__Task item__
Your response should contain exactly the lines running from the one with "Apartman Lorna Turanj Kültér fotó" to the end of the data below, both included, and no pictures.
##### Supplied records #####
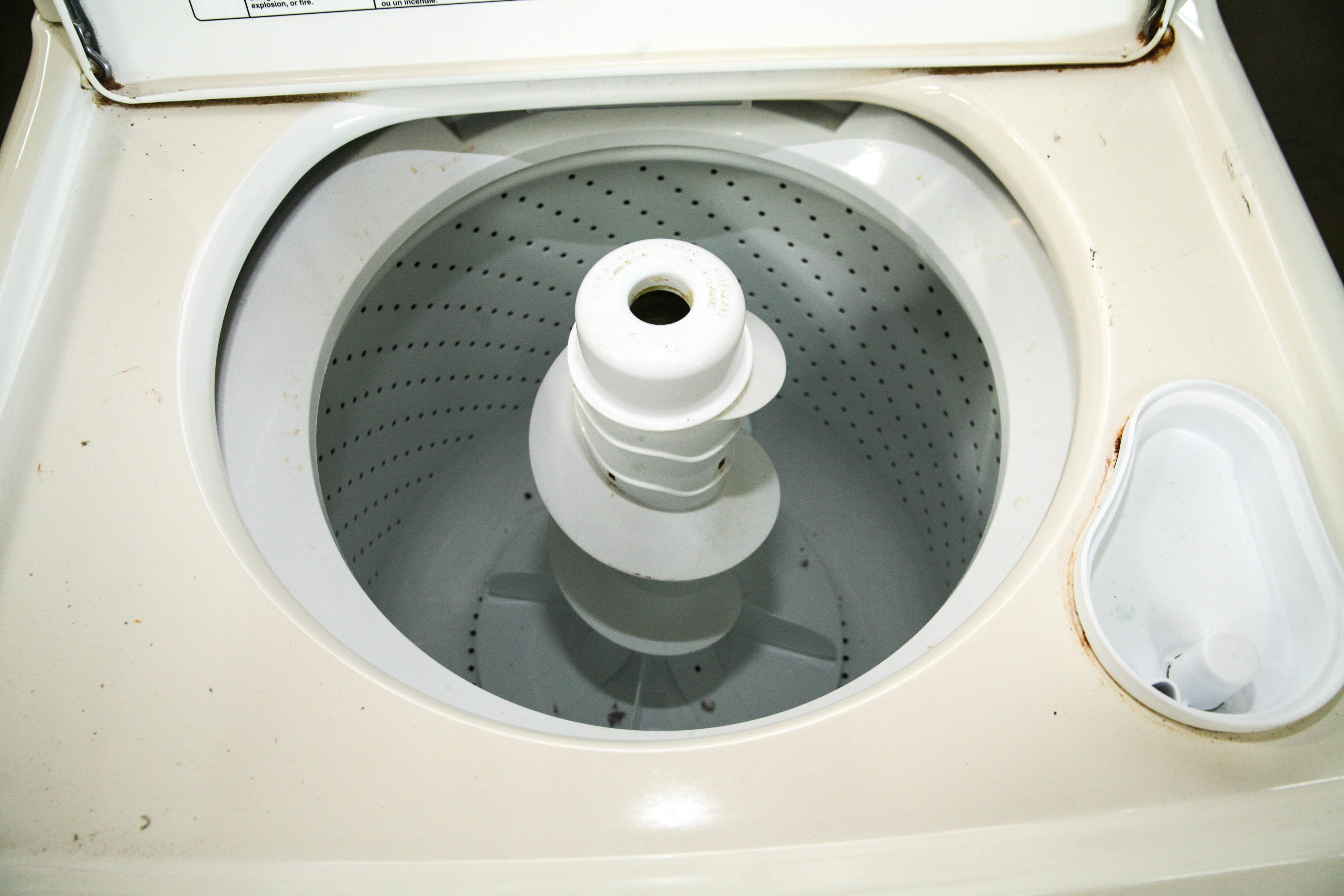 Kenmore Elite Washer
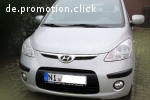 Hyundai i10, (PA), 1,25l, 16 V, 58.770 km , 2 Jahre TÜV neu
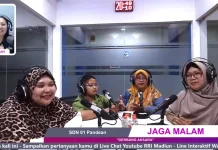 Dari Panggung Gerbang Aksara, Bakat dan Kepercayaan Diri Siswa Bermunculan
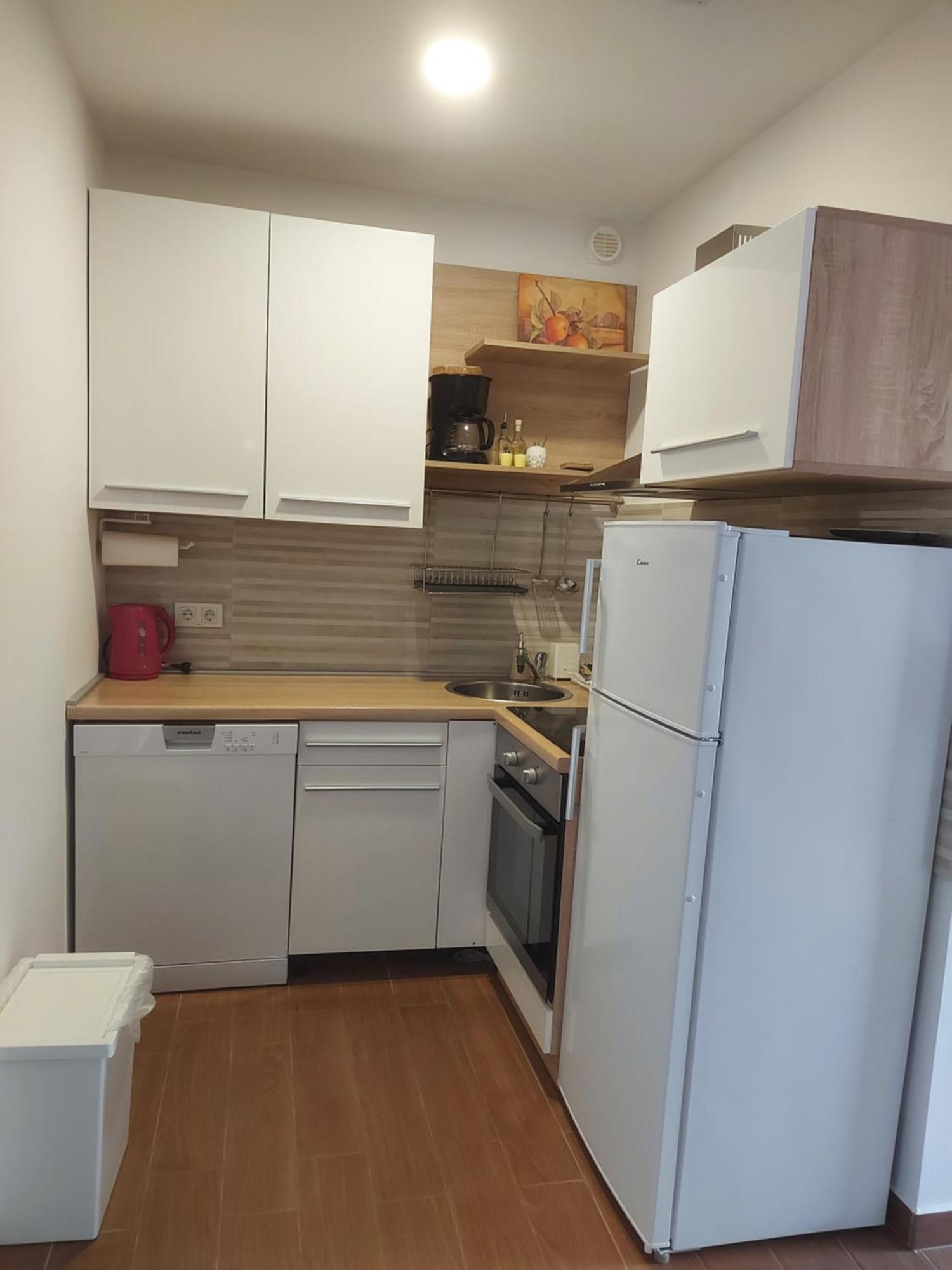Apartman Lorna Turanj Kültér fotó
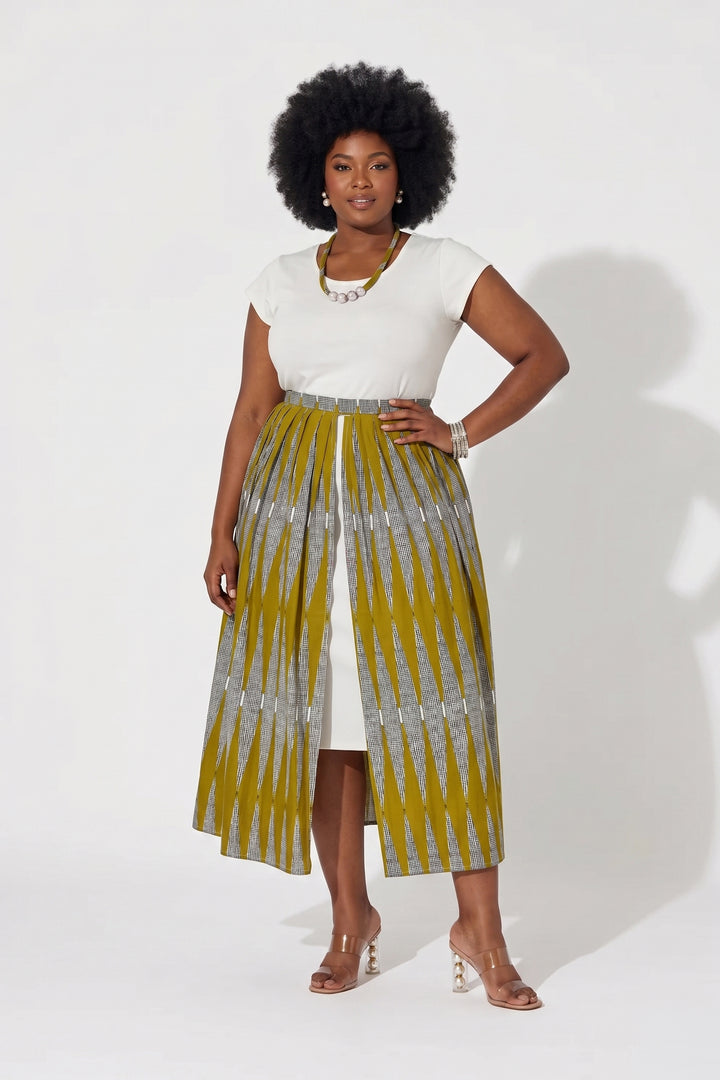 Say It With Layers Dress by Studio EY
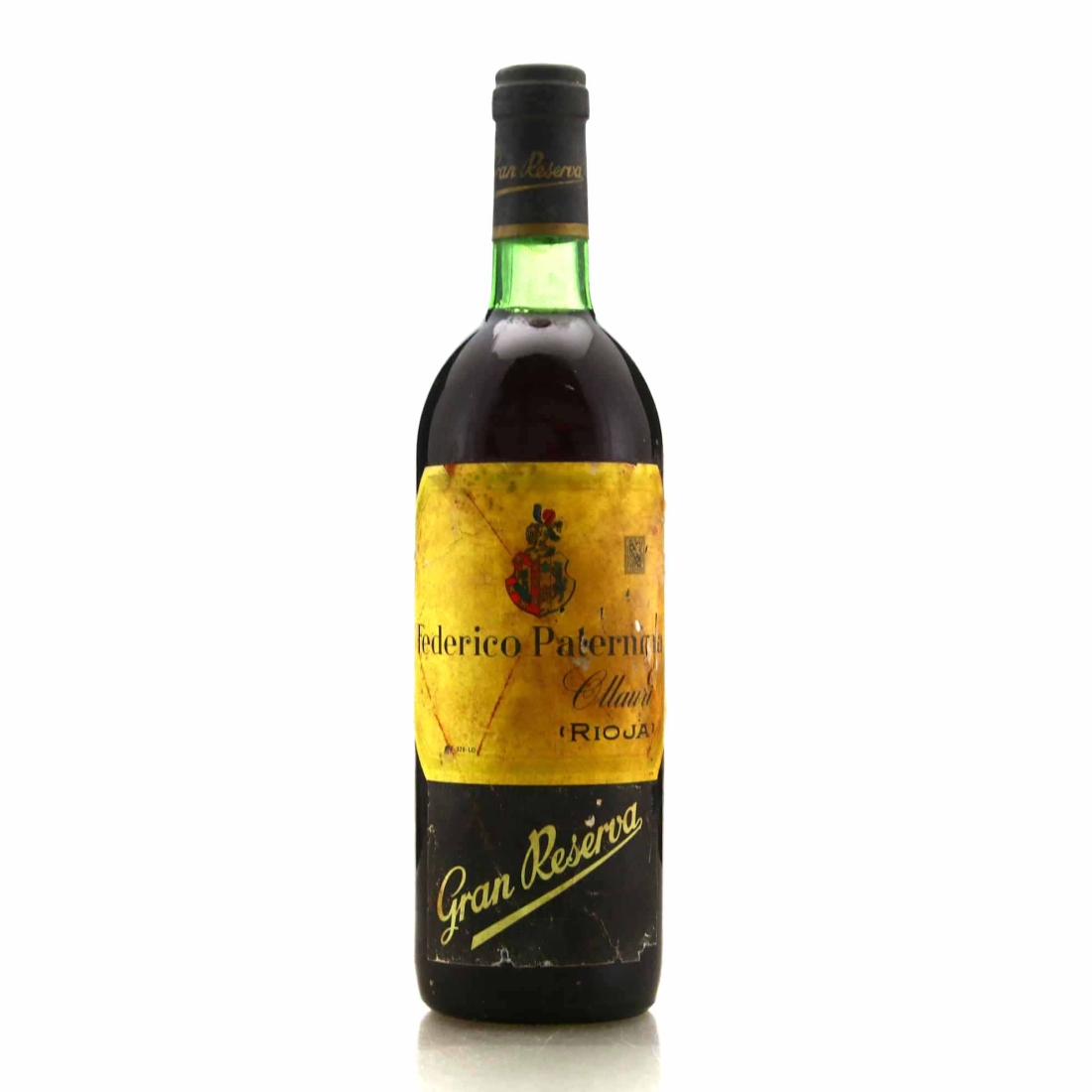 Federico Paternina Rioja Gran Reserva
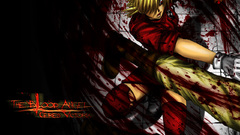 Hellsing Seras Victoria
#####
__Solution to this problem__
Apartman Lorna Turanj Kültér fotó
 Say It With Layers Dress by Studio EY
 Federico Paternina Rioja Gran Reserva
 Hellsing Seras Victoria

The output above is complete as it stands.